Committee Proposes Curriculum Changes

In an effort to recommend undergraduate curriculum revisions that would best serve the interests and needs of the student body, Wake Forest’s College Curriculum Review Committee, or CCRC, has been busy conducting a comprehensive review of the university’s general education requirements during the past couple of years. 

The committee has done extensive research within other high-education institutions, looking at their core liberal arts curricula and identifying important aspects and values to implement at Wake Forest.

 “Once all of this data is collected, we [will] better understand how we’re reflecting our values versus how other schools are reflecting theirs, and we get a sense of where our institution fits into the national and global scope of curriculum,” said Wake Forest Fellow and member of CCRC Matthew Connor. 

Over the past few years, the committee has been working to strengthen students’ awareness of the importance behind their liberal arts education. 

Changes to the general education curriculum are intended to make connections between various disciplines of the liberal arts and help students better articulate how these disciplines enable them to think both critically and analytically.

 “We want students to come out having a more complex view of the challenges around them and how those challenges can be solved,” said Connor. 

The most significant recommendation in the committee’s preliminary proposal is the shift from “Divisional” to “Knowledge Area” distribution requirements. With Knowledge Areas, students would be required to take one course in each of eight disciplines. 

No more than two of a student’s eight required Knowledge Area courses could be taken in any one department, and at least six of the eight requirements must be from different departments. 

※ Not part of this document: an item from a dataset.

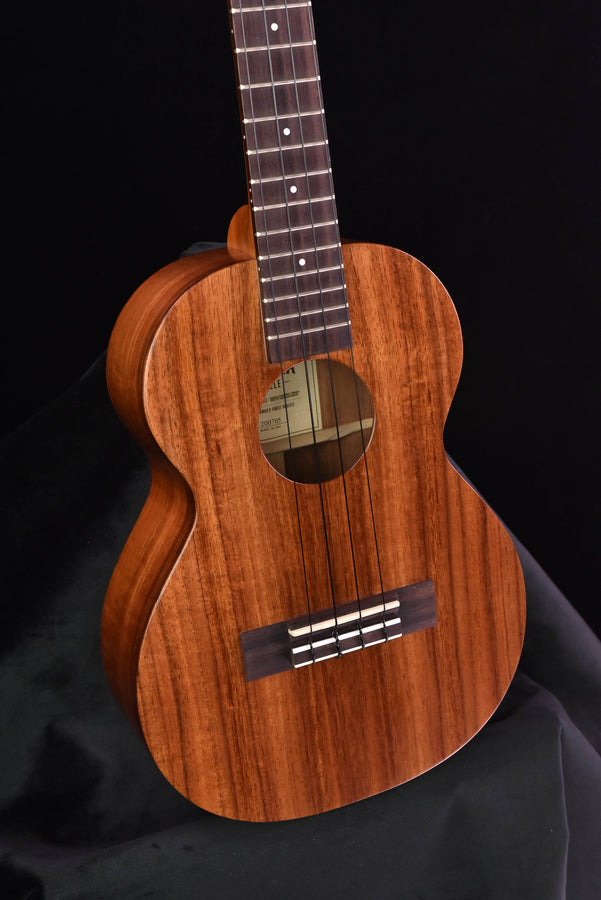 Kamaka HF-3 Tenor Ukulele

The committee said that Knowledge Areas will make it simpler for students to find meaningful connections between their required courses and understand the way each discipline plays a role in influencing critical thinking about the world. 

 “In the spirit of Pro-Humanitate, students will be more equipped to make an impact on society when they connect their knowledge from each course and learn to think broadly,” said Connor.

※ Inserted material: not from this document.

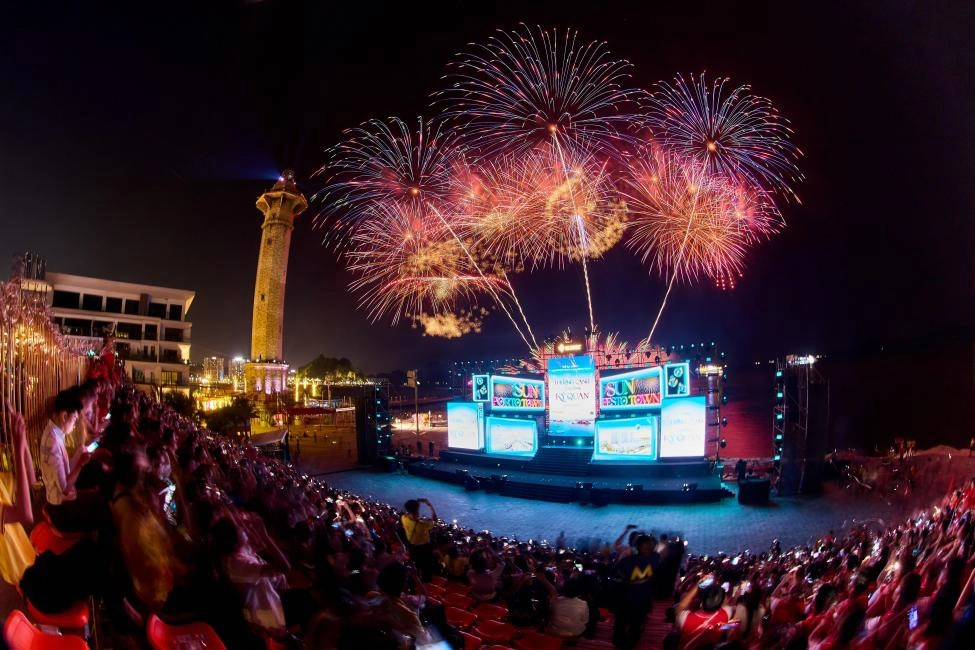 Sun Bavaria Ha Long: Dining, Fireworks & 3D Mapping Show Ticket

Additionally, the committee has recommended Global Citizenship requirements, which would require students to practically apply material from liberal arts courses. It is designed to strengthen the Cultural Diversity requirement so that students are better exposed to the cultures they will encounter in the global world. 

With the addition of the Ethical Reasoning/Inquiry requirement, students would be tasked with reflection upon human values, character, and conduct, and challenged to become ethical agents in their communities.

“The goals and formation of the AP courses are not entirely reflective of what we would want to see out of our writers,” said Connor. 

Another more logistical change within the report would require students to take a writing course at least once during their four years at Wake Forest whether they have placed out of it with AP credit or not. 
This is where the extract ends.